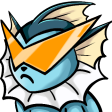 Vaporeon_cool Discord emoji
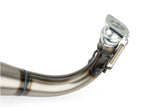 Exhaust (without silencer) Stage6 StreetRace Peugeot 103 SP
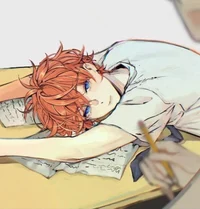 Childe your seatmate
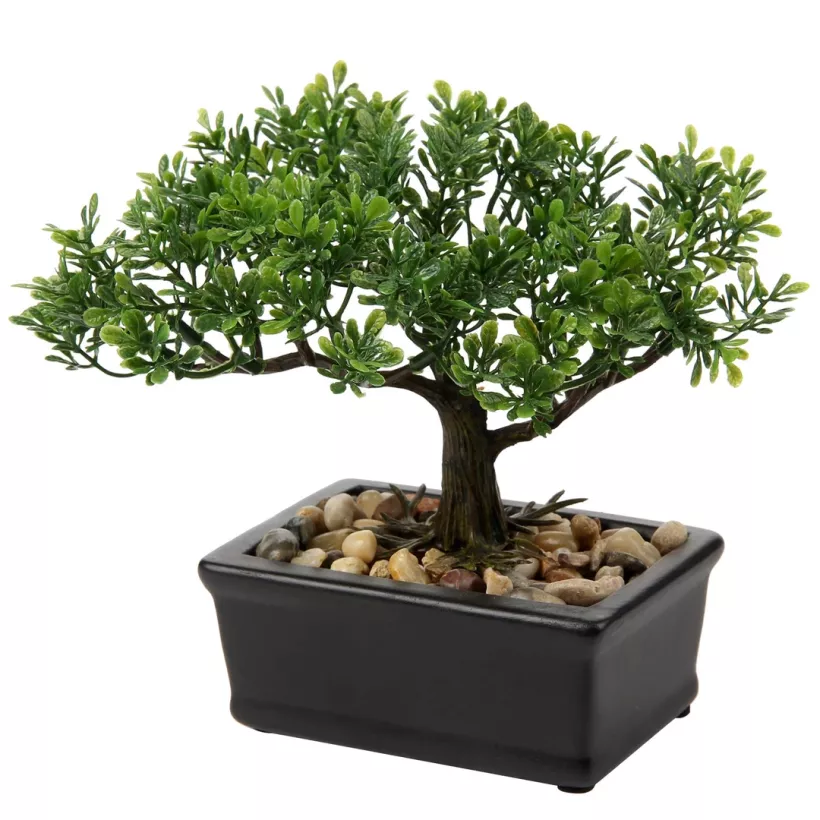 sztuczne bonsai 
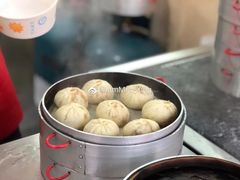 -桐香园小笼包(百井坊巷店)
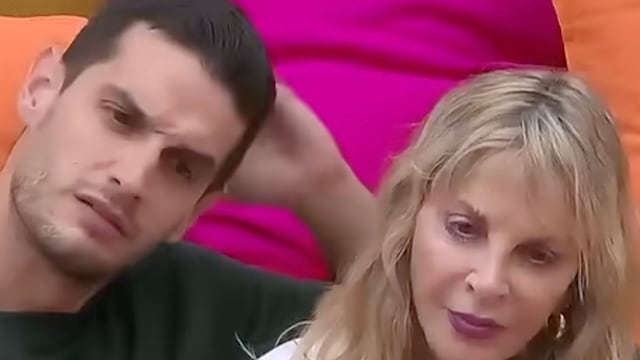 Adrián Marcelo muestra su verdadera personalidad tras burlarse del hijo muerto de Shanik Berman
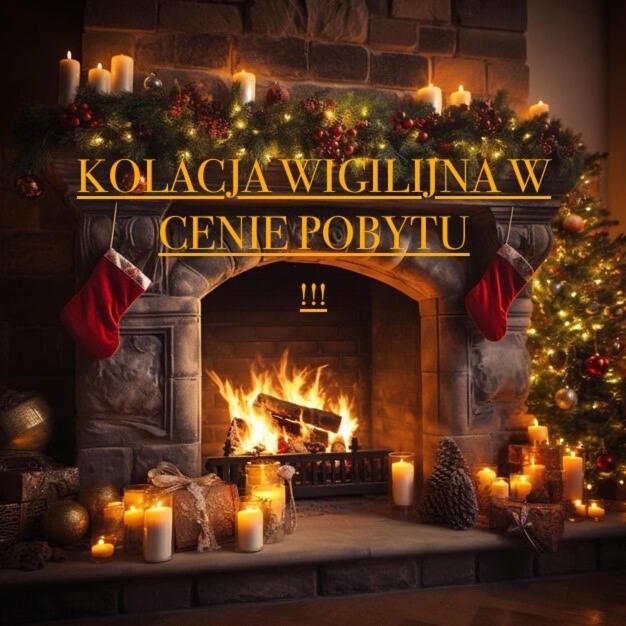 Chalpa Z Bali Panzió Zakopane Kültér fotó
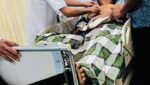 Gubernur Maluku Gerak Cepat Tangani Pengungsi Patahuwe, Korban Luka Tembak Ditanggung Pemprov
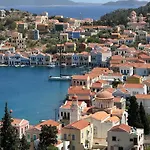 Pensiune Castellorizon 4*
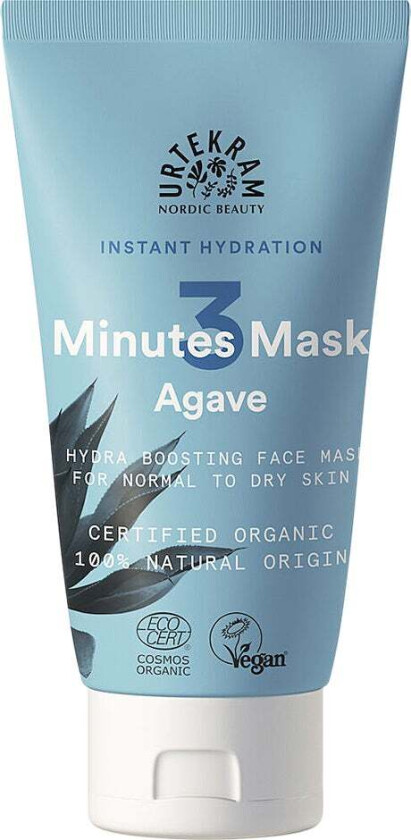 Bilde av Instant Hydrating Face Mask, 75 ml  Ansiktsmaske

* * *

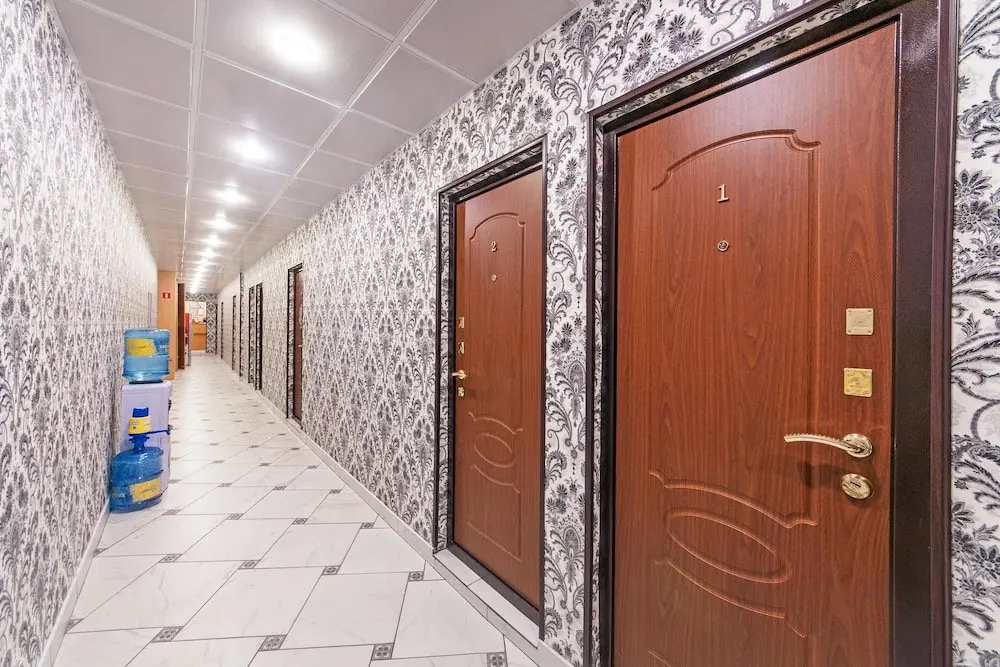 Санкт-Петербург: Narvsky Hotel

## Exercise requirements
Take the material above and output only the lines from the one that contains "Pensiune Castellorizon 4*" through the one that contains "Bilde av Instant", ends included and images left out.

## Written response
 Pensiune Castellorizon 4*
 Bilde av Instant Hydrating Face Mask, 75 ml  Ansiktsmaske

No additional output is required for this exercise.